Update Eigen to version 3.2.1

Main purpose of this is to have SparseLU solver which we can use now as a replacement to opennl library.
author: Sergey Sharybin <sergey.vfx@gmail.com> 2014-03-21 14:04:53 +0400
committer: Sergey Sharybin <sergey.vfx@gmail.com> 2014-03-21 14:04:53 +0400
commit: 3411146984316c97f56543333a46f47aeb7f9d35 (patch)
tree: 5de608a3c18ff2a5459fd2191609dd882ad86213 /extern/Eigen3/Eigen/src/Core/products/GeneralMatrixVector.h
parent: 1781928f9d720fa1dc4811afb69935b35aa89878 (diff)

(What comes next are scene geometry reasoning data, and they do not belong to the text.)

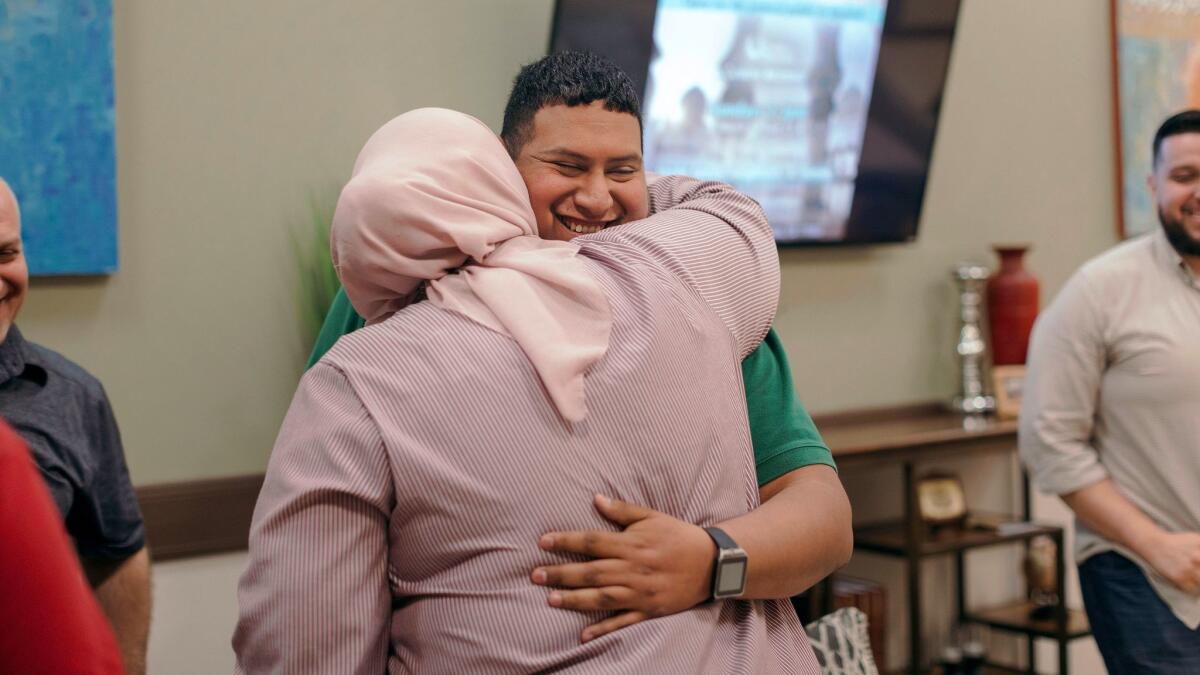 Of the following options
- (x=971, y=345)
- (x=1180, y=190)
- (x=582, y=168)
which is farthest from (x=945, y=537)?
(x=582, y=168)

1 files changed, 36 insertions, 18 deletions
diff --git a/extern/Eigen3/Eigen/src/Core/products/GeneralMatrixVector.h b/extern/Eigen3/Eigen/src/Core/products/GeneralMatrixVector.h
index ba1f73957db..09387703efa 100644
--- a/extern/Eigen3/Eigen/src/Core/products/GeneralMatrixVector.h
+++ b/extern/Eigen3/Eigen/src/Core/products/GeneralMatrixVector.h
@@ -52,12 +52,17 @@ EIGEN_DONT_INLINE static void run(
   Index rows, Index cols,
   const LhsScalar* lhs, Index lhsStride,
   const RhsScalar* rhs, Index rhsIncr,
-  ResScalar* res, Index
-  #ifdef EIGEN_INTERNAL_DEBUGGING
-    resIncr
-  #endif
-  , RhsScalar alpha)
+  ResScalar* res, Index resIncr, RhsScalar alpha);
+};
+
+template<typename Index, typename LhsScalar, bool ConjugateLhs, typename RhsScalar, bool ConjugateRhs, int Version>
+EIGEN_DONT_INLINE void general_matrix_vector_product<Index,LhsScalar,ColMajor,ConjugateLhs,RhsScalar,ConjugateRhs,Version>::run(
+  Index rows, Index cols,
+  const LhsScalar* lhs, Index lhsStride,
+  const RhsScalar* rhs, Index rhsIncr,
+  ResScalar* res, Index resIncr, RhsScalar alpha)
 {
+  EIGEN_UNUSED_VARIABLE(resIncr)
   eigen_internal_assert(resIncr==1);
   #ifdef _EIGEN_ACCUMULATE_PACKETS
   #error _EIGEN_ACCUMULATE_PACKETS has already been defined
@@ -74,21 +79,21 @@ EIGEN_DONT_INLINE static void run(
   conj_helper<LhsScalar,RhsScalar,ConjugateLhs,ConjugateRhs> cj;
   conj_helper<LhsPacket,RhsPacket,ConjugateLhs,ConjugateRhs> pcj;
   if(ConjugateRhs)
-    alpha = conj(alpha);
+    alpha = numext::conj(alpha);
 
   enum { AllAligned = 0, EvenAligned, FirstAligned, NoneAligned };
   const Index columnsAtOnce = 4;
   const Index peels = 2;
   const Index LhsPacketAlignedMask = LhsPacketSize-1;
   const Index ResPacketAlignedMask = ResPacketSize-1;
-  const Index PeelAlignedMask = ResPacketSize*peels-1;
+//  const Index PeelAlignedMask = ResPacketSize*peels-1;
   const Index size = rows;
   
   // How many coeffs of the result do we have to skip to be aligned.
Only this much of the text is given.